Functional enrichment analysis of risk groups

This study analyzed the pathway enrichment of the high-risk and low-risk groups using GSEA 4.3.3 software. Differential expression analysis between the high- and low-risk groups was conducted using the “edger” package (Table S5, |log FC| > 1, FDR < 0.05). Additionally, the present study employed the “clusterProfiler” package to perform GO and KEGG enrichment analyses on the upregulated DEGs (logFC > 1, P < 0.05) and downregulated DEGs (logFC < -1, P < 0.05).

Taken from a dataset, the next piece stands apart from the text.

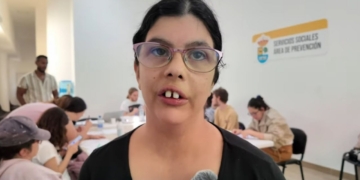 Alba, joven con discapacidad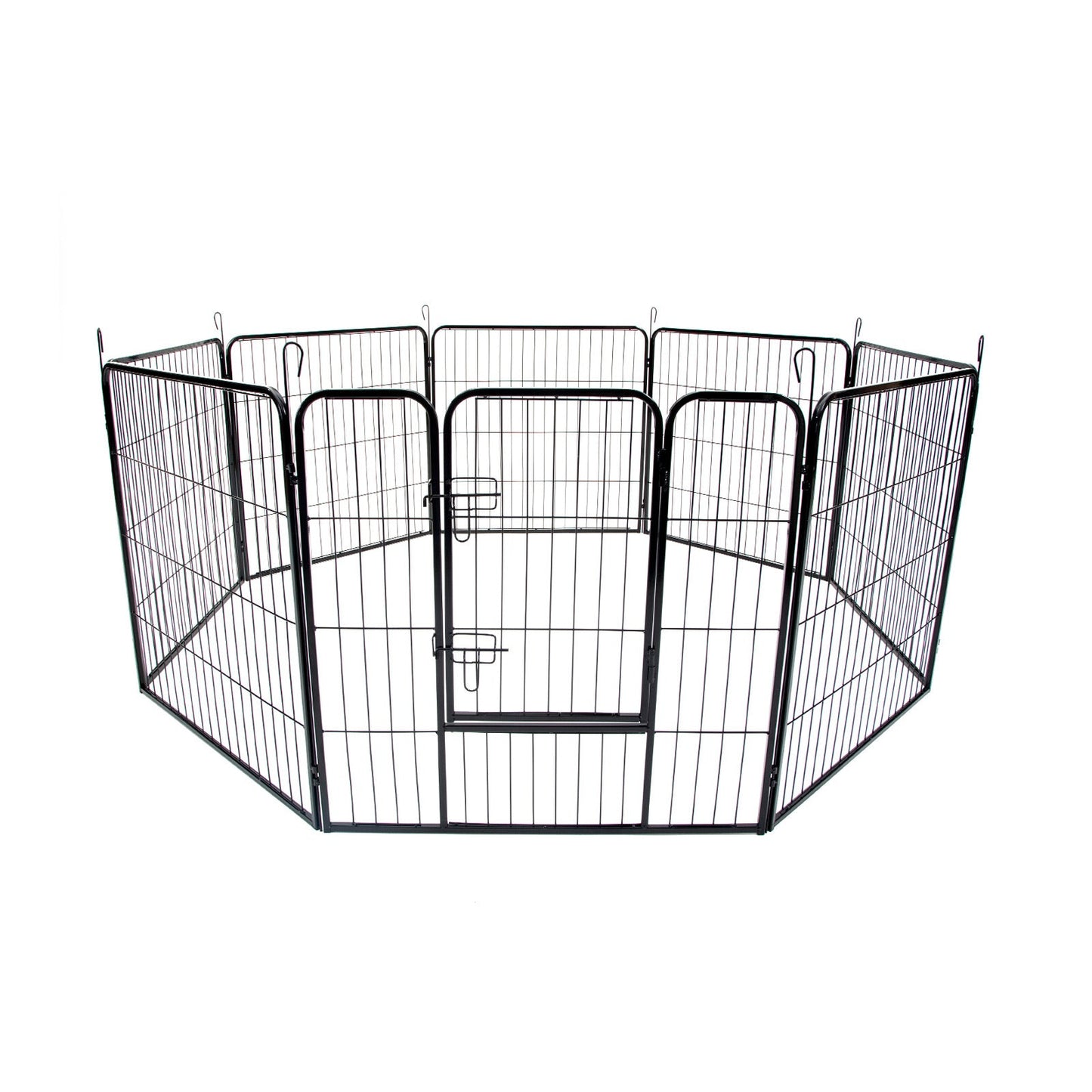 Paw Mate Pet Playpen Heavy Duty 32in 8 Panel Foldable Dog Exercise Enclosure Fence Cage - DogsDomain.com.au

Evaluation and construction of prognostic nomogram

The present study utilized univariate and multivariate regression analyses to combine the modeled prognostic risk scores with age, gender, TMN staging, and pathological staging. Then, the nomogram and calibration curve were plotted using the “rms” and “survival” packages to predict the overall survival (OS) of patients at 1, 3, and 5 years, and the calibration curve were used to evaluate the accuracy of our nomogram. In addition, we used decision curve analysis (DCA) to assess the net benefit of nomogram and including only clinical variables.

Analysis of immune landscape and immunotherapy

Then, this study used “GSVA”, “ESTIMATE” package to analyze the single-sample gene set enrichment analysis (ssGSEA) for high and low risk groups. The differences between patients’ tumor microenvironments were also evaluated by plotting violin plots of immunity score, stroma score, ESTIMATE score, and tumor purity score. The level of immune cell infiltration was calculated using the CIBERSORT algorithm, and the expression of immune checkpoints was counted and box plots drawn for the high-risk and low-risk groups. Existing studies have shown that Immunophenoscore (IPS) can be used as a predictive tool for immunotherapy clinical outcomes [27, 28], and in this study IPS data were downloaded from The Cancer Immunome Atlas (TCIA, https://tcia.at/home) and we evaluated immunotherapy response in high and low risk groups. In addition, the sensitivity of immunotherapy (anti-PD-1 and anti-CTLA-4 therapies) in this study was analyzed using the tumor immune dysfunction and exclusion (TIDE, http://tide.dfci.harvard.edu/) method and visualized by the TIDE score [29]. P < 0.05 was considered a significant difference.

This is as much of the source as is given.